- Data provided
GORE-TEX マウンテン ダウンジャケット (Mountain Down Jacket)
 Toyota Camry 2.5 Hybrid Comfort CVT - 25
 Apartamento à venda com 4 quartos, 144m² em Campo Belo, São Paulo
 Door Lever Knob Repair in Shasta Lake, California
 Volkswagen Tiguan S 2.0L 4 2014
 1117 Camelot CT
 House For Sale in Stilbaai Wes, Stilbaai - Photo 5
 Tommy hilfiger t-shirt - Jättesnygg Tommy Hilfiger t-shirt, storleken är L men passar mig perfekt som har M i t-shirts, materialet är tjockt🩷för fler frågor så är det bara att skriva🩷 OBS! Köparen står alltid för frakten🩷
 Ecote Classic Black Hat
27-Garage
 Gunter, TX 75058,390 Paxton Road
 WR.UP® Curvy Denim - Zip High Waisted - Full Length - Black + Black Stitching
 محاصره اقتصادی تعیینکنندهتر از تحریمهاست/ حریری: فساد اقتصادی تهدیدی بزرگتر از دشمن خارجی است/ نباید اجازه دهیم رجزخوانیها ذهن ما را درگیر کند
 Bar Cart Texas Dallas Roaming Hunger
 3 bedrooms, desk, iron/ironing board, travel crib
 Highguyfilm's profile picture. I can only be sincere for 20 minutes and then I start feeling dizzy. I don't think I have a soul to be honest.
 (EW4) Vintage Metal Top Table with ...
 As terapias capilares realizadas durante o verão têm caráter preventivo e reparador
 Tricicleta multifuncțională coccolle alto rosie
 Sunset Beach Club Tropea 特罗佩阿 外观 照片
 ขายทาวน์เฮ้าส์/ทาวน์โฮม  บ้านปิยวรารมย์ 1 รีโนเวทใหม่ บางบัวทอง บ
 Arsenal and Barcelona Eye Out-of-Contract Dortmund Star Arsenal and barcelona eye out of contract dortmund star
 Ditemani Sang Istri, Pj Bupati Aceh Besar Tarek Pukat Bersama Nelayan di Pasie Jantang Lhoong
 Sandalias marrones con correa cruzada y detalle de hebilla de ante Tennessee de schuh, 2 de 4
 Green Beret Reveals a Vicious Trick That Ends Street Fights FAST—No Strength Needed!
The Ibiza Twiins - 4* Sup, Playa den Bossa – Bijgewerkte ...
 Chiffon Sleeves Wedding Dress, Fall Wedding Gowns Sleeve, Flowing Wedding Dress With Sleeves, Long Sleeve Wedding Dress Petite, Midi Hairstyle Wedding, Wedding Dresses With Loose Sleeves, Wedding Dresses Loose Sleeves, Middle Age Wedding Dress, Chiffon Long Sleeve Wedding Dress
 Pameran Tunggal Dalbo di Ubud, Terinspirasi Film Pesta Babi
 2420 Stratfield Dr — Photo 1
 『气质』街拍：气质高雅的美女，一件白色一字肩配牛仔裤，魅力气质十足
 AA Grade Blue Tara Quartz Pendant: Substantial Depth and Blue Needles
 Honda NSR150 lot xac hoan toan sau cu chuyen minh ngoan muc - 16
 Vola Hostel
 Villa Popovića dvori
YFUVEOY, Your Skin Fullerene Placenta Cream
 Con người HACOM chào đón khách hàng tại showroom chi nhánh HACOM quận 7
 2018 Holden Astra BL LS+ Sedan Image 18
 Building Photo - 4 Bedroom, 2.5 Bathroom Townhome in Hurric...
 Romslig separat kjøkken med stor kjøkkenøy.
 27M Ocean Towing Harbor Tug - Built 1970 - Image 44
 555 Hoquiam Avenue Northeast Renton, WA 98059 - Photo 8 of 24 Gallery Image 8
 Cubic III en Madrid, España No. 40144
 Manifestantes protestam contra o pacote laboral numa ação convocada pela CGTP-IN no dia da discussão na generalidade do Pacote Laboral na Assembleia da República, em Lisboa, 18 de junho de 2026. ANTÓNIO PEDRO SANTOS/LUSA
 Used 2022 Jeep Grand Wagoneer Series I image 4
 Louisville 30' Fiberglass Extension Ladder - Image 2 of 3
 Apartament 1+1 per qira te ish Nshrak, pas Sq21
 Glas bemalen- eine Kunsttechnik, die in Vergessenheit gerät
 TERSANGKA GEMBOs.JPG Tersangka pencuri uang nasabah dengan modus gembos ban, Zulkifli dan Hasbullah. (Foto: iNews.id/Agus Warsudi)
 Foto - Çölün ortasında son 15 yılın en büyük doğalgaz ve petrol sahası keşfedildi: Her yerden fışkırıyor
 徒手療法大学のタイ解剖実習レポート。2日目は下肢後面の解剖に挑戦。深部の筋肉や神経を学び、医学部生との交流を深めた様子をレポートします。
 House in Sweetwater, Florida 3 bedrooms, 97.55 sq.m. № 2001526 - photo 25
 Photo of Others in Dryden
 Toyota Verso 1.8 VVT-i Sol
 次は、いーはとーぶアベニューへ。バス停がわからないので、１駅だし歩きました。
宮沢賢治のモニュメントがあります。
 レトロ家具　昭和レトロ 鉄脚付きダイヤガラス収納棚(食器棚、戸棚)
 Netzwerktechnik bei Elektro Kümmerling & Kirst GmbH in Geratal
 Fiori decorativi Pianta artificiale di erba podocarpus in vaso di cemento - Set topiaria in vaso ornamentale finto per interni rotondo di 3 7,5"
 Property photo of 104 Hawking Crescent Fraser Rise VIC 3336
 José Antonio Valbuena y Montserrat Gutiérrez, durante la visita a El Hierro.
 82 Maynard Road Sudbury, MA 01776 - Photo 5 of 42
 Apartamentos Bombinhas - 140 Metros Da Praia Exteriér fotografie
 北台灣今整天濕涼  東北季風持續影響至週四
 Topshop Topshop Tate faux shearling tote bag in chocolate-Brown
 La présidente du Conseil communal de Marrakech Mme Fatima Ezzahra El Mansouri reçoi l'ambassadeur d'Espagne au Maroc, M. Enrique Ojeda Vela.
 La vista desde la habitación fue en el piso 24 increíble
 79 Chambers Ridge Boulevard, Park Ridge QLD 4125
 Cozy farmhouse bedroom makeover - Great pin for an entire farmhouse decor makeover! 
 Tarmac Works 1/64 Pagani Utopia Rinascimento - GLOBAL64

- Requirement
Set down the data exactly.

- Answer
GORE-TEX マウンテン ダウンジャケット (Mountain Down Jacket)
 Toyota Camry 2.5 Hybrid Comfort CVT - 25
 Apartamento à venda com 4 quartos, 144m² em Campo Belo, São Paulo
 Door Lever Knob Repair in Shasta Lake, California
 Volkswagen Tiguan S 2.0L 4 2014
 1117 Camelot CT
 House For Sale in Stilbaai Wes, Stilbaai - Photo 5
 Tommy hilfiger t-shirt - Jättesnygg Tommy Hilfiger t-shirt, storleken är L men passar mig perfekt som har M i t-shirts, materialet är tjockt🩷för fler frågor så är det bara att skriva🩷 OBS! Köparen står alltid för frakten🩷
 Ecote Classic Black Hat
27-Garage
 Gunter, TX 75058,390 Paxton Road
 WR.UP® Curvy Denim - Zip High Waisted - Full Length - Black + Black Stitching
 محاصره اقتصادی تعیینکنندهتر از تحریمهاست/ حریری: فساد اقتصادی تهدیدی بزرگتر از دشمن خارجی است/ نباید اجازه دهیم رجزخوانیها ذهن ما را درگیر کند
 Bar Cart Texas Dallas Roaming Hunger
 3 bedrooms, desk, iron/ironing board, travel crib
 Highguyfilm's profile picture. I can only be sincere for 20 minutes and then I start feeling dizzy. I don't think I have a soul to be honest.
 (EW4) Vintage Metal Top Table with ...
 As terapias capilares realizadas durante o verão têm caráter preventivo e reparador
 Tricicleta multifuncțională coccolle alto rosie
 Sunset Beach Club Tropea 特罗佩阿 外观 照片
 ขายทาวน์เฮ้าส์/ทาวน์โฮม  บ้านปิยวรารมย์ 1 รีโนเวทใหม่ บางบัวทอง บ
 Arsenal and Barcelona Eye Out-of-Contract Dortmund Star Arsenal and barcelona eye out of contract dortmund star
 Ditemani Sang Istri, Pj Bupati Aceh Besar Tarek Pukat Bersama Nelayan di Pasie Jantang Lhoong
 Sandalias marrones con correa cruzada y detalle de hebilla de ante Tennessee de schuh, 2 de 4
 Green Beret Reveals a Vicious Trick That Ends Street Fights FAST—No Strength Needed!
The Ibiza Twiins - 4* Sup, Playa den Bossa – Bijgewerkte ...
 Chiffon Sleeves Wedding Dress, Fall Wedding Gowns Sleeve, Flowing Wedding Dress With Sleeves, Long Sleeve Wedding Dress Petite, Midi Hairstyle Wedding, Wedding Dresses With Loose Sleeves, Wedding Dresses Loose Sleeves, Middle Age Wedding Dress, Chiffon Long Sleeve Wedding Dress
 Pameran Tunggal Dalbo di Ubud, Terinspirasi Film Pesta Babi
 2420 Stratfield Dr — Photo 1
 『气质』街拍：气质高雅的美女，一件白色一字肩配牛仔裤，魅力气质十足
 AA Grade Blue Tara Quartz Pendant: Substantial Depth and Blue Needles
 Honda NSR150 lot xac hoan toan sau cu chuyen minh ngoan muc - 16
 Vola Hostel
 Villa Popovića dvori
YFUVEOY, Your Skin Fullerene Placenta Cream
 Con người HACOM chào đón khách hàng tại showroom chi nhánh HACOM quận 7
 2018 Holden Astra BL LS+ Sedan Image 18
 Building Photo - 4 Bedroom, 2.5 Bathroom Townhome in Hurric...
 Romslig separat kjøkken med stor kjøkkenøy.
 27M Ocean Towing Harbor Tug - Built 1970 - Image 44
 555 Hoquiam Avenue Northeast Renton, WA 98059 - Photo 8 of 24 Gallery Image 8
 Cubic III en Madrid, España No. 40144
 Manifestantes protestam contra o pacote laboral numa ação convocada pela CGTP-IN no dia da discussão na generalidade do Pacote Laboral na Assembleia da República, em Lisboa, 18 de junho de 2026. ANTÓNIO PEDRO SANTOS/LUSA
 Used 2022 Jeep Grand Wagoneer Series I image 4
 Louisville 30' Fiberglass Extension Ladder - Image 2 of 3
 Apartament 1+1 per qira te ish Nshrak, pas Sq21
 Glas bemalen- eine Kunsttechnik, die in Vergessenheit gerät
 TERSANGKA GEMBOs.JPG Tersangka pencuri uang nasabah dengan modus gembos ban, Zulkifli dan Hasbullah. (Foto: iNews.id/Agus Warsudi)
 Foto - Çölün ortasında son 15 yılın en büyük doğalgaz ve petrol sahası keşfedildi: Her yerden fışkırıyor
 徒手療法大学のタイ解剖実習レポート。2日目は下肢後面の解剖に挑戦。深部の筋肉や神経を学び、医学部生との交流を深めた様子をレポートします。
 House in Sweetwater, Florida 3 bedrooms, 97.55 sq.m. № 2001526 - photo 25
 Photo of Others in Dryden
 Toyota Verso 1.8 VVT-i Sol
 次は、いーはとーぶアベニューへ。バス停がわからないので、１駅だし歩きました。
宮沢賢治のモニュメントがあります。
 レトロ家具　昭和レトロ 鉄脚付きダイヤガラス収納棚(食器棚、戸棚)
 Netzwerktechnik bei Elektro Kümmerling & Kirst GmbH in Geratal
 Fiori decorativi Pianta artificiale di erba podocarpus in vaso di cemento - Set topiaria in vaso ornamentale finto per interni rotondo di 3 7,5"
 Property photo of 104 Hawking Crescent Fraser Rise VIC 3336
 José Antonio Valbuena y Montserrat Gutiérrez, durante la visita a El Hierro.
 82 Maynard Road Sudbury, MA 01776 - Photo 5 of 42
 Apartamentos Bombinhas - 140 Metros Da Praia Exteriér fotografie
 北台灣今整天濕涼  東北季風持續影響至週四
 Topshop Topshop Tate faux shearling tote bag in chocolate-Brown
 La présidente du Conseil communal de Marrakech Mme Fatima Ezzahra El Mansouri reçoi l'ambassadeur d'Espagne au Maroc, M. Enrique Ojeda Vela.
 La vista desde la habitación fue en el piso 24 increíble
 79 Chambers Ridge Boulevard, Park Ridge QLD 4125
 Cozy farmhouse bedroom makeover - Great pin for an entire farmhouse decor makeover! 
 Tarmac Works 1/64 Pagani Utopia Rinascimento - GLOBAL64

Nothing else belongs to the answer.